• _WHAT YOU NEED TO DO_
If a line below falls between the line with "In a mood of" and the line with "Danica Dakic door Onbekend", or is one of those two, output it exactly; output nothing else and no pictures.

• _SOURCE DATA_
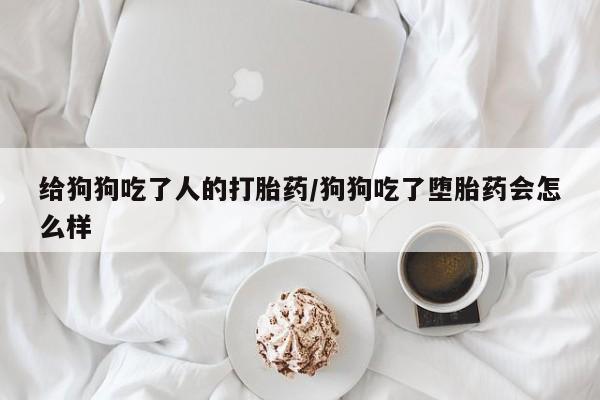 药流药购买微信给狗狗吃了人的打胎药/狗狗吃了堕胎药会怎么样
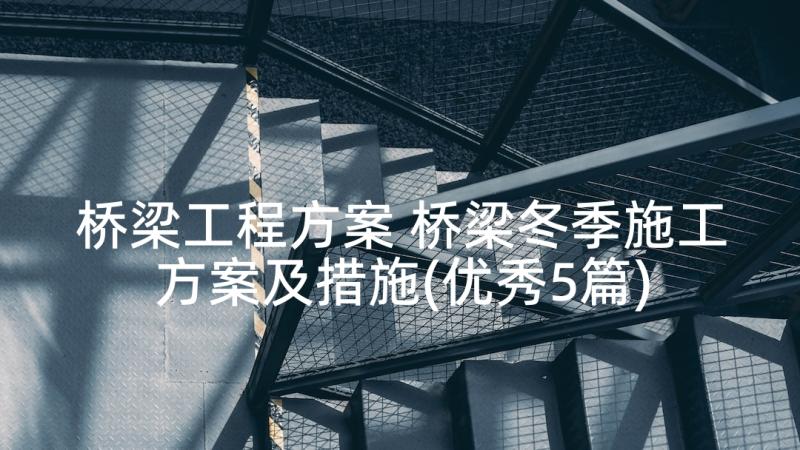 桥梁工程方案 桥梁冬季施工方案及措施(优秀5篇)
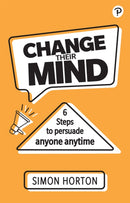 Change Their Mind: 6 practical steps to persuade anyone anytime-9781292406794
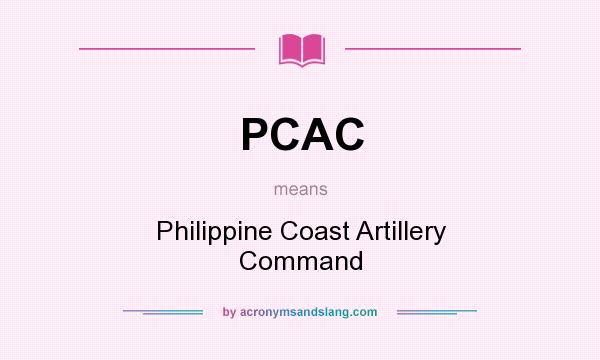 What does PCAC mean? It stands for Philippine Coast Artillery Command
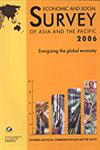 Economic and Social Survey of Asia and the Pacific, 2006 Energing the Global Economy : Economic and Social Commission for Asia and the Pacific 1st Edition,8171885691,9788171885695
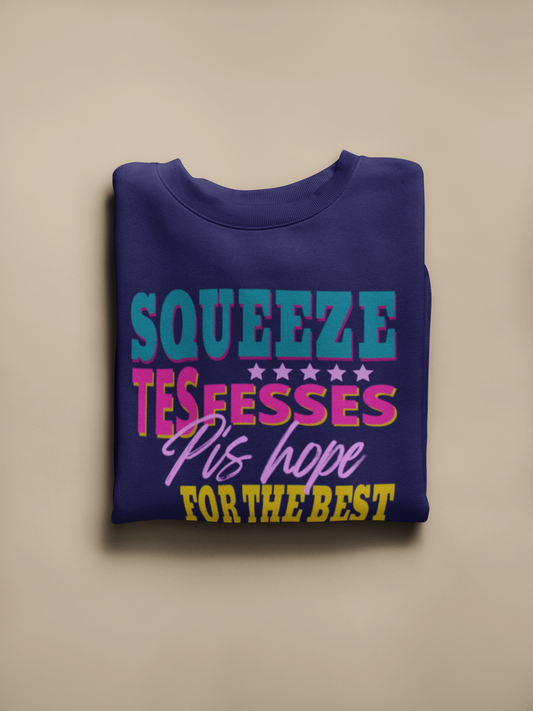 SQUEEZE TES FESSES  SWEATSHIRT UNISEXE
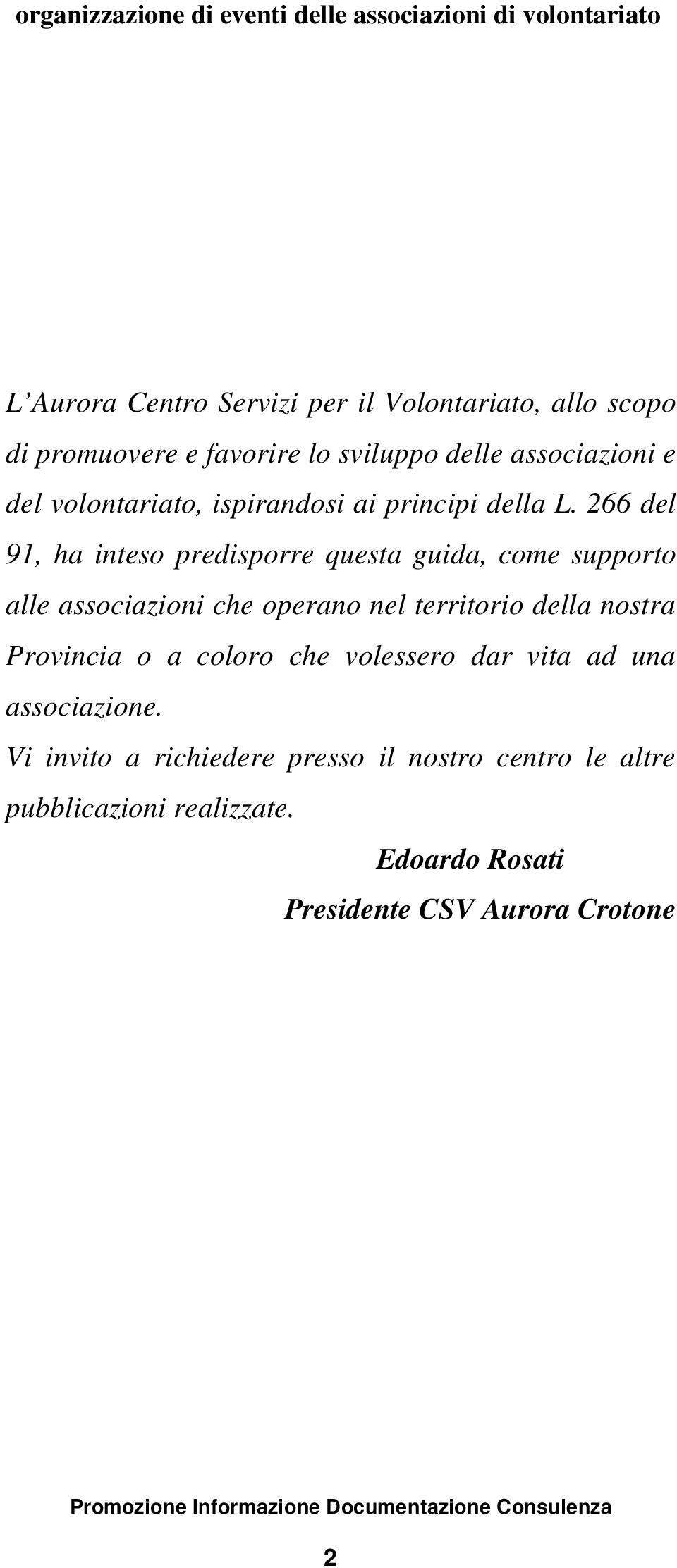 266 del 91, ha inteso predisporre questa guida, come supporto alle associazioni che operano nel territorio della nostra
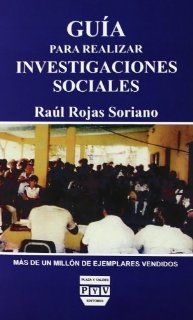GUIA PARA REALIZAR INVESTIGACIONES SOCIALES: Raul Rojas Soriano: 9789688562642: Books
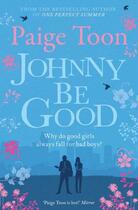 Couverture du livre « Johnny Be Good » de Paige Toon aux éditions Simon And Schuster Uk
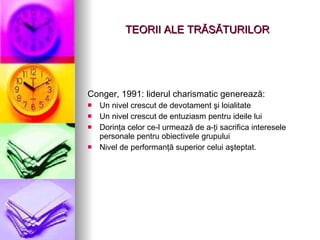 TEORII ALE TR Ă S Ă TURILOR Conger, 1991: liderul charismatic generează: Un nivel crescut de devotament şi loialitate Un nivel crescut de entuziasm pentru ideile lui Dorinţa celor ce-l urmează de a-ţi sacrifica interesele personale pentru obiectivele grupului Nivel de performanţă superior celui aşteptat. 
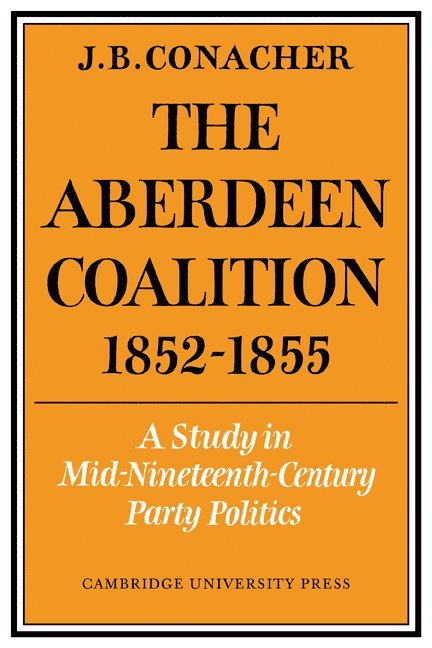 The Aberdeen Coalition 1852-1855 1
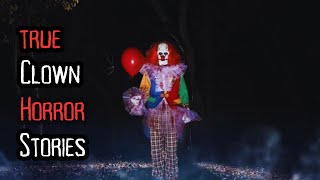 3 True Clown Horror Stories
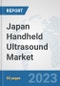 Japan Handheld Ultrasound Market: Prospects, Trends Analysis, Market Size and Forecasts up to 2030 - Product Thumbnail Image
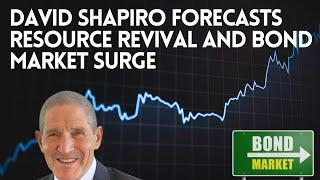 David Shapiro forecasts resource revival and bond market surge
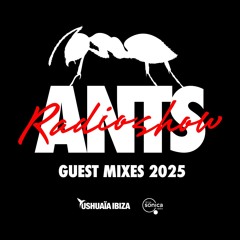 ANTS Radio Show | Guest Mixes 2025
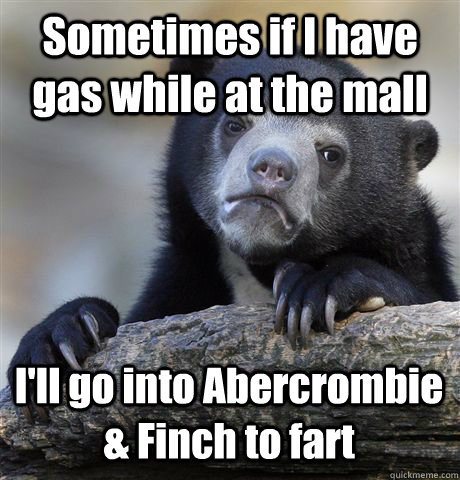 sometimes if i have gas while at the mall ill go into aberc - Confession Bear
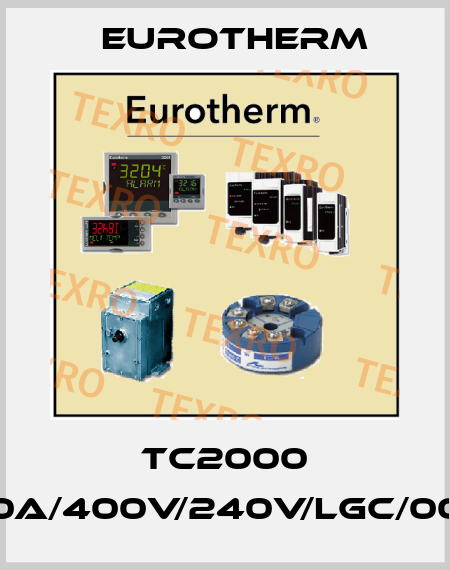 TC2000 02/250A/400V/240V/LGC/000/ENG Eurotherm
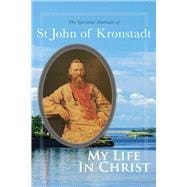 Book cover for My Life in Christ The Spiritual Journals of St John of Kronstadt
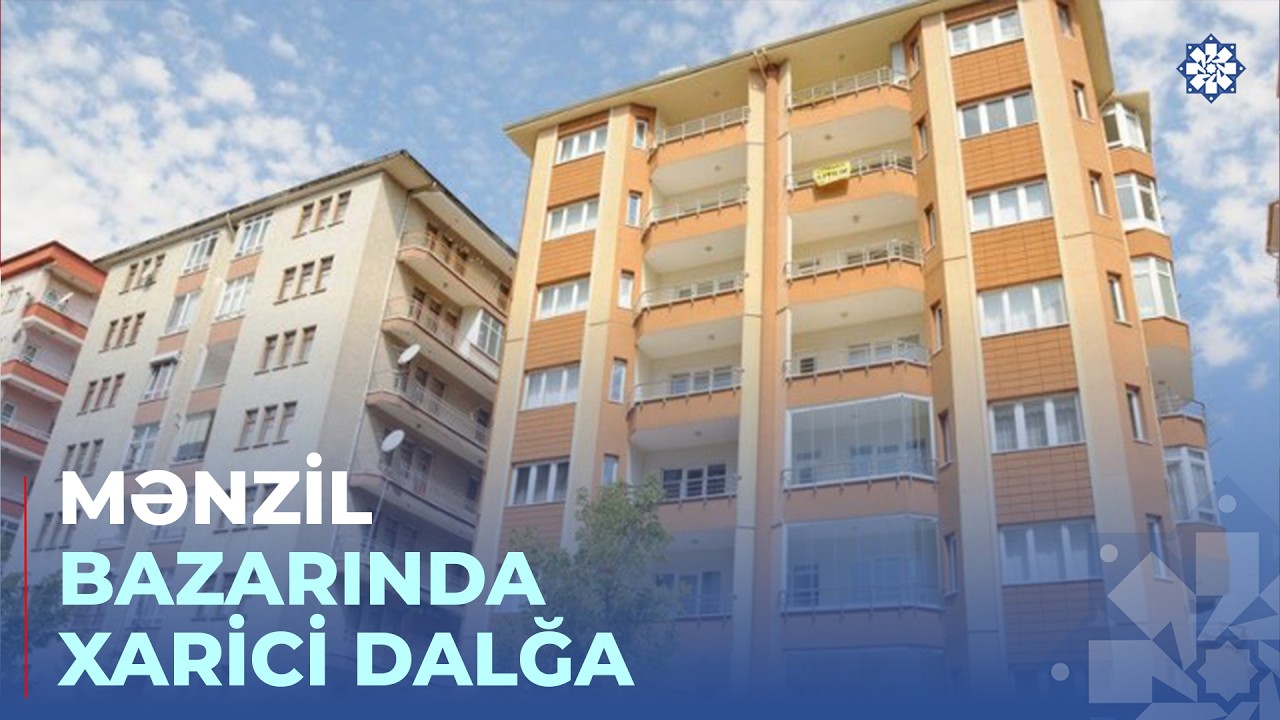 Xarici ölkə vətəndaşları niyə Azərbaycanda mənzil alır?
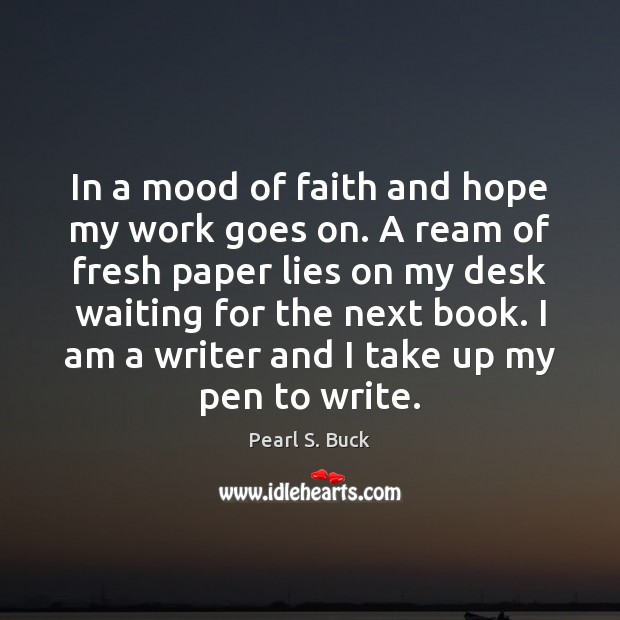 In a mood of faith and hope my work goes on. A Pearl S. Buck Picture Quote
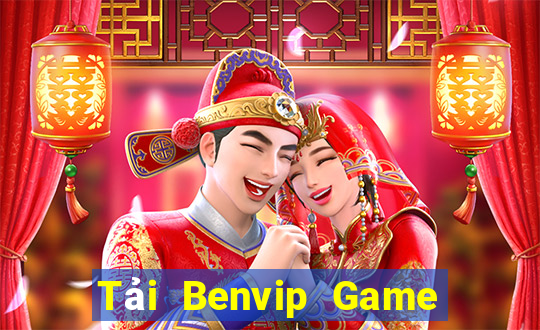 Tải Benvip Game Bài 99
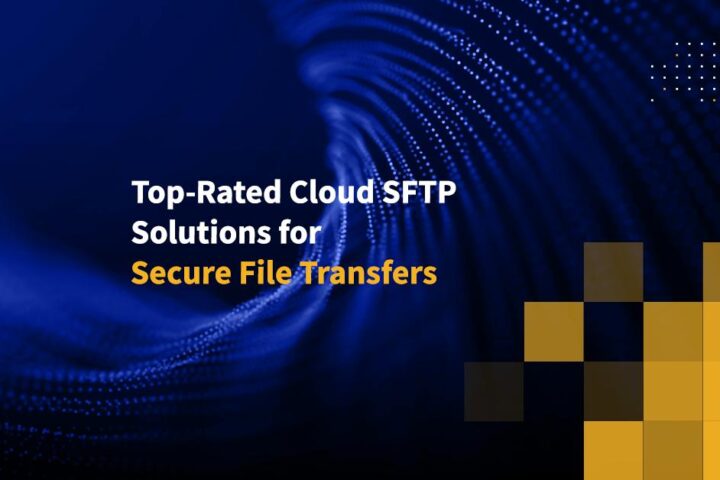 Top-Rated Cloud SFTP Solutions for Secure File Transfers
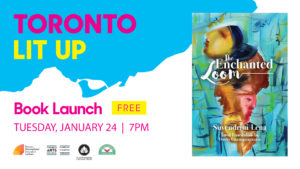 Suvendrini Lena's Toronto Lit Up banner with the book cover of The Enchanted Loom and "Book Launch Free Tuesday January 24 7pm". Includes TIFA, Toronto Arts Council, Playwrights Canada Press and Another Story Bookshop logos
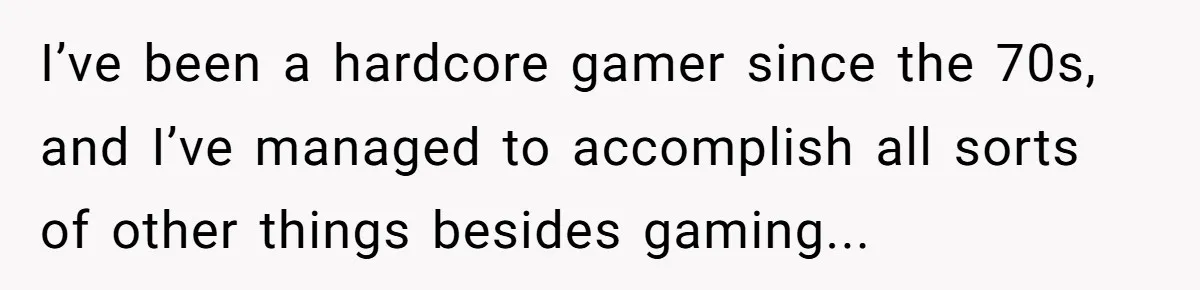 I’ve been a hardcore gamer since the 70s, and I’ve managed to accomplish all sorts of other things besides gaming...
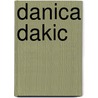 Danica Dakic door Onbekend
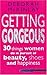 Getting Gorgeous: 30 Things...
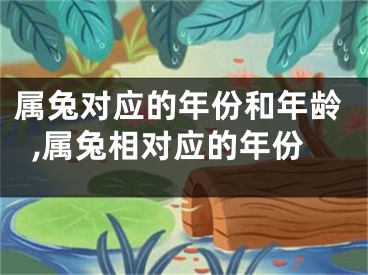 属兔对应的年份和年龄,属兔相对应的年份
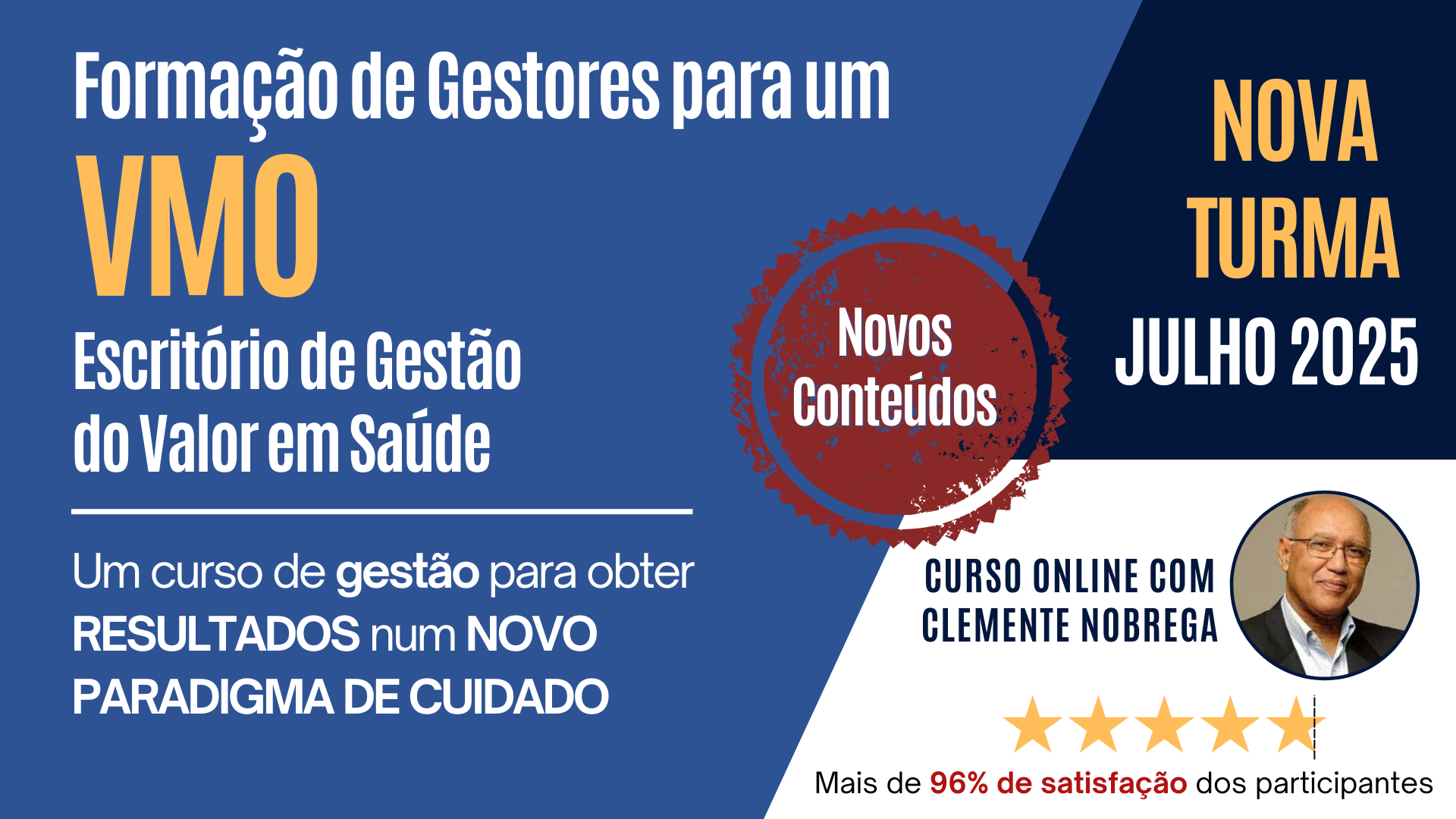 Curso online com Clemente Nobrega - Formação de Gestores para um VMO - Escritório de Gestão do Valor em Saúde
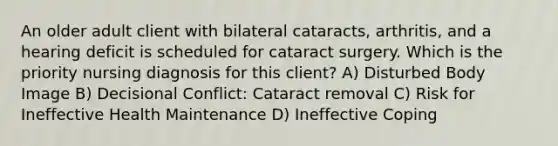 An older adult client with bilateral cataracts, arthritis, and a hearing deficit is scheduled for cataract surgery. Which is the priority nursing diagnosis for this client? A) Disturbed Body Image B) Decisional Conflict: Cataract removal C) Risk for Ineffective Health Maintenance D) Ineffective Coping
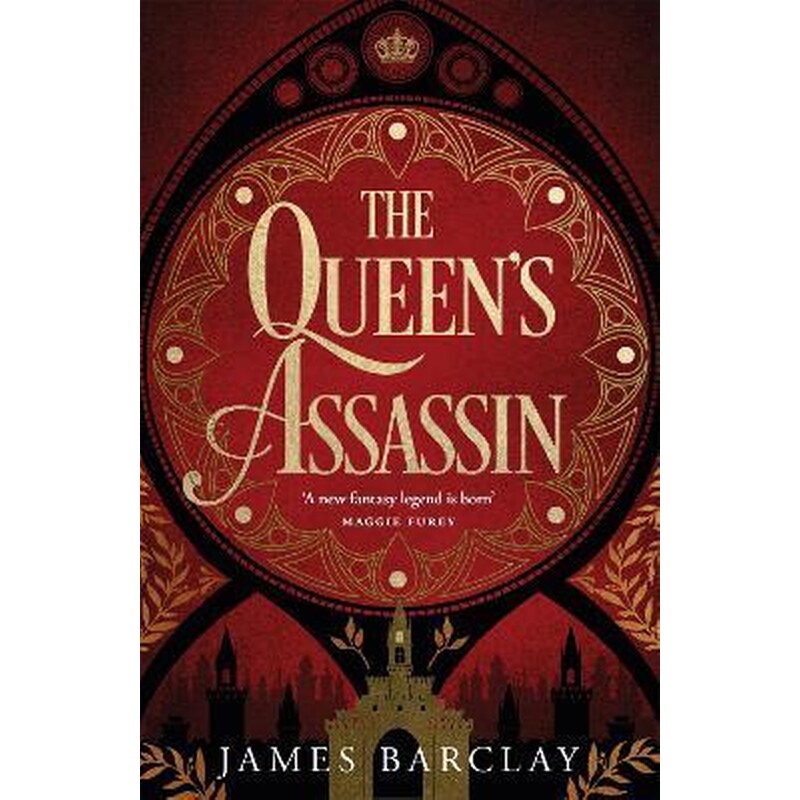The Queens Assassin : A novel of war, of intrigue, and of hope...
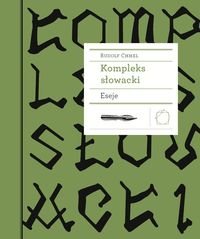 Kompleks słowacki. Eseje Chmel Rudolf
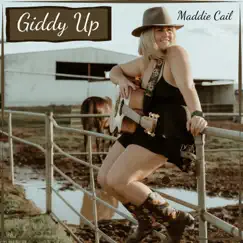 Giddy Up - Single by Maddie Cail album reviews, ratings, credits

• _EXPECTED ANSWER_
 In a mood of faith and hope my work goes on. A Pearl S. Buck Picture Quote
 Tải Benvip Game Bài 99
 Top-Rated Cloud SFTP Solutions for Secure File Transfers
 Suvendrini Lena's Toronto Lit Up banner with the book cover of The Enchanted Loom and "Book Launch Free Tuesday January 24 7pm". Includes TIFA, Toronto Arts Council, Playwrights Canada Press and Another Story Bookshop logos
 I’ve been a hardcore gamer since the 70s, and I’ve managed to accomplish all sorts of other things besides gaming...
 Danica Dakic door Onbekend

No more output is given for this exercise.